Data block
::::

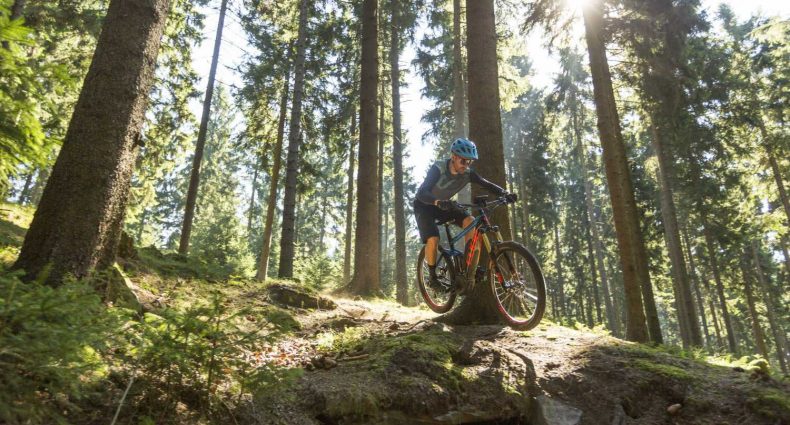 eBike Typ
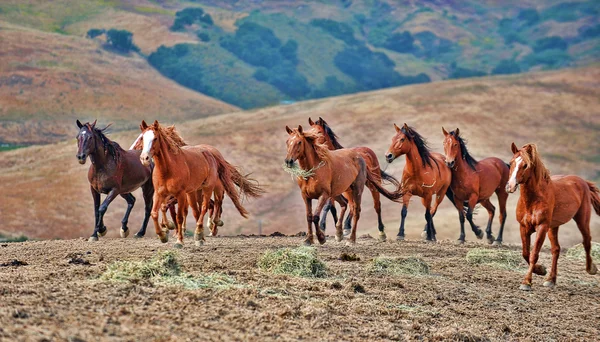 Cavalos mustang selvagens americanos — Fotografia de Stock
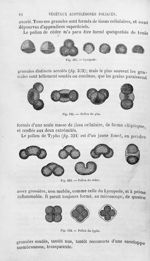 Lycopode / Pollen du pin / Pollen du cèdre / Pollen du typha - Histoire naturelle des drogues simple [...]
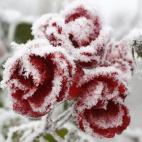 5c8b24192400006d054cf5d9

::::

What the task asks
Output the data verbatim, images excluded.

Response to this task
 eBike Typ
 Cavalos mustang selvagens americanos — Fotografia de Stock
 Lycopode / Pollen du pin / Pollen du cèdre / Pollen du typha - Histoire naturelle des drogues simple [...]
 5c8b24192400006d054cf5d9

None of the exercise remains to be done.